You’ll need:
- Artist’s acrylic paint in yellow, blue, red, black and white
- Several 3/4-inch-wide, flat-bristle brushes
- 2 14-by-14-inch poster boards
- Compass and pencil
- Paper plates
- Scrap paper
- Glue
With a pencil and compass, draw two concentric circles on each poster board, with the outer circle about 10 inches in diameter and the inner one about 5 1/2 inches. Using the hole left by the compass as a guide, find and mark 12, 3, 6 and 9 o’clock. Then section the circles into 12 equal spaces. One board will be used to make the color wheel while the other one will be cut into pieces so you can make your color swatches.
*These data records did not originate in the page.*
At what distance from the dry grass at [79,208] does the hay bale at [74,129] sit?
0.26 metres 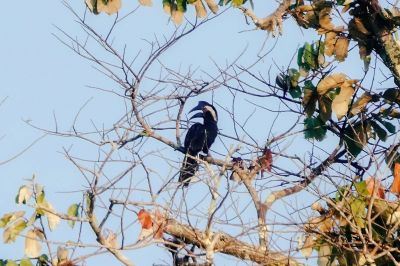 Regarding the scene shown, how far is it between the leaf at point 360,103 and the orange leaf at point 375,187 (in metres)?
1.42

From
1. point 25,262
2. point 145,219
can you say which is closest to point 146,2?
point 145,219

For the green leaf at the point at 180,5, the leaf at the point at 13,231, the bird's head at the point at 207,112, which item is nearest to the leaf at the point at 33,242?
the leaf at the point at 13,231

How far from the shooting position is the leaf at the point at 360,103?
7.40m

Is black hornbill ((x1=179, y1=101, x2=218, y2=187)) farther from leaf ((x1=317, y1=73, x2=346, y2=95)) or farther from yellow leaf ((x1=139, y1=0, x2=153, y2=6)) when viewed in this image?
yellow leaf ((x1=139, y1=0, x2=153, y2=6))

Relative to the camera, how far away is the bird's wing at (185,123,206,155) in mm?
8469

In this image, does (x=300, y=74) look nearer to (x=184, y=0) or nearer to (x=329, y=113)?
(x=329, y=113)

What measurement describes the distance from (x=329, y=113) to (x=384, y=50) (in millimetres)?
554

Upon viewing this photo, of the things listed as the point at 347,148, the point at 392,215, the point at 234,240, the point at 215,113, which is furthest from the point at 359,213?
the point at 215,113

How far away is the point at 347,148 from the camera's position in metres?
7.20

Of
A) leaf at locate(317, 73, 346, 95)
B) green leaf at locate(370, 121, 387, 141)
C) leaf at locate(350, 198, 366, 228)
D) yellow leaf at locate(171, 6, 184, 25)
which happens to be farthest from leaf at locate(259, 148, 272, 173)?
leaf at locate(350, 198, 366, 228)

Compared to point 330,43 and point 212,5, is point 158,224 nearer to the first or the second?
point 212,5

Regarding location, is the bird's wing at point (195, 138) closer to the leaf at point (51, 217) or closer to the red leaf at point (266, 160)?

You probably should cut a few extra swatches for trial and error. About 20 swatches is good.
For the best results, you need to buy the most brilliant, saturated primary colors you can find. I use Cadmium Yellow, Ultramarine Blue and Cadmium Red Medium as my primaries. These three primary colors will be used to make every color on your wheel. If you opt to buy a beginner’s set of paints or dyes, it will include the primary colors, plus black and white and some secondary colors.
First paint your three primary swatches and glue them at three equidistant spaces around the wheel, so that the yellow is at 12, blue at 4 and red at 8 o’clock.
Now mix the secondary colors, which are made, in theory, from equal amounts of the primaries on either side of them. So, green will be mixed using half primary yellow and half blue. Place this painted swatch between them at 3 o’clock. Since artist’s acrylics and oils do not come in exact primary colors, you may have to fudge a bit to get a close match. You’ll also find when you try to mix half blue and red to get violet, so much light is absorbed by the two darkest primaries that you must “cheat” by adding white to obtain a color that looks like violet.
Save extra blobs of your chosen secondary colors on the palettes, since the wheel’s next colors, called tertiaries, are mixed half and half from neighboring colors on each side. For example, yellow-green is made from primary yellow and the green secondary on the other side of it. Finish your wheel by mixing and placing all the tertiary colors.
Disposable plastic lunch plates make fine palettes for mixing colors with a bent-handled palette knife. When you have your correct color, paint a swatch evenly on scrap paper, set aside and let dry before applying glue to the underside and attaching it in place on the wheel. You might need to mist your palettes now and then with water to keep the paints from drying too fast.